Novel mithramycin derivatives for cancer chemotherapy
The development of Ewing Sarcoma therapeutics revolves around the natural product anticancer agent mithramycin (MTM), which was recently shown to be a potent inhibitor of Ewing sarcoma cells in culture and mice, by disrupting the activity of the aberrant transcription factor EWS-FLI1. However, MTM is highly toxic and modestly selective against Ewing sarcoma cells. A recent phase I/II clinical trial of MTM monotherapy against Ewing sarcoma did not progress due to toxic side effects. MTM suffered from rapid drug clearance, precluding reaching efficacious concentrations in plasma. We have developed MTM analogues with improved pharmacologic properties and are in process of evaluating their efficacy in animal models. Specifically, these analogs have improved pharmacokinetics (concentration over time), decreased systemic toxicity and preferential toxicity for Ewing Sarcoma over other cancer cells. Importantly, these molecules are preferentially toxic to cells expressing transcription factors such as EWS-FLI1 (eg, prostate cancer, which presents a much higher population).

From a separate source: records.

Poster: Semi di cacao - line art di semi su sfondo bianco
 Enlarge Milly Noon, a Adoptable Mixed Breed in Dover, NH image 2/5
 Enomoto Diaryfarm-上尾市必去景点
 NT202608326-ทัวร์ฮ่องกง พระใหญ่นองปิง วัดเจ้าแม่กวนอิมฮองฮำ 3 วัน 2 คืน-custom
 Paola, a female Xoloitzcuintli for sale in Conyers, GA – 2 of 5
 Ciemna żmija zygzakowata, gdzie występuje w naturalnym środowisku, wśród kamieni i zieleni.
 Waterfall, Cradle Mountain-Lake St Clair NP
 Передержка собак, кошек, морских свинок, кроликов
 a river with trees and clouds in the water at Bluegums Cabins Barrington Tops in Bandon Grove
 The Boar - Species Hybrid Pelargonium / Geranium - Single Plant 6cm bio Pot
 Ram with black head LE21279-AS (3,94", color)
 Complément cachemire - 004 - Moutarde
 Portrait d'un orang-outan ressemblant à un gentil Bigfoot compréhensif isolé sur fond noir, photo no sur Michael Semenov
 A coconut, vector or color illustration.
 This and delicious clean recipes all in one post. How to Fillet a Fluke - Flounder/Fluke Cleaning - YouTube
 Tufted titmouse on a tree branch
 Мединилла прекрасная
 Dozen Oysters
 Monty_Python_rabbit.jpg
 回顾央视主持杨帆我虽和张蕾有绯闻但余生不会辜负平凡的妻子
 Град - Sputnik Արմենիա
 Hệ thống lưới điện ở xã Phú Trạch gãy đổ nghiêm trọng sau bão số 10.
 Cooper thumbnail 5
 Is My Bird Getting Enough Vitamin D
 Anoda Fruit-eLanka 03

Next steps are to a) test the pharmacokinetics of these molecules in non-human primates; b) Test the toxicity and efficacy to these analogues in a mouse with deficient esterase activity. (Mice have much higher esterase activity in their blood than humans and the designed analogues have ester moieties that are susceptible to premature degradation. The esterase deficient mice will mimic the human blood environment.); c) Scale-up the synthesis of the molecules via third party (Contract research organization); d) Perform studies required to file IND application.